I accidentally left my Windows box connected to the internet without an external firewall for a few months with no ill effects.

...that you know of!

Comment Re:Bullshit.... (Score 5, Informative) 133

Can you explain in more detail?

If you have a multi-dimensional set of factors of things and you design a metric to collapse them down into a single dimension, what you're really measuring is a combination of the values of the factors and your weighting of them. Since the "correct" weighting is a matter of opinion and everybody's use-case is different, a single-dimension metric isn't very useful.
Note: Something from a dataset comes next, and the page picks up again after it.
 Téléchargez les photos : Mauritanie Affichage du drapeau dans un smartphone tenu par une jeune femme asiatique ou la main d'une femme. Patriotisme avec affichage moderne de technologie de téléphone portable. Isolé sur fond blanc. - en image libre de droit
This goes for any situation where you're picking the "best" among a set of choices, not just for compression algorithms, by the way.

Like, if you're trying to compress a given file, and one algorithm compressed the file by 0.00001% in 14 seconds, another compressed the file 15% in 20 seconds, and the third compressed it 15.1% in 29 hours, then the middle algorithm is probably going to be the most useful one.

User A is trying to stream stuff that has to have latency less than 15 seconds, so for him the first algorithm is the best. User B is trying to shove the entire contents of Wikipedia into a disc to send on a space probe, so for him, the third algorithm is the best.

You gave a really extreme[ly contrived] example, so in that case you might be able to say that "reasonable" use cases would prefer the middle algorithm. But differences between actual algorithms would not be nearly so extreme.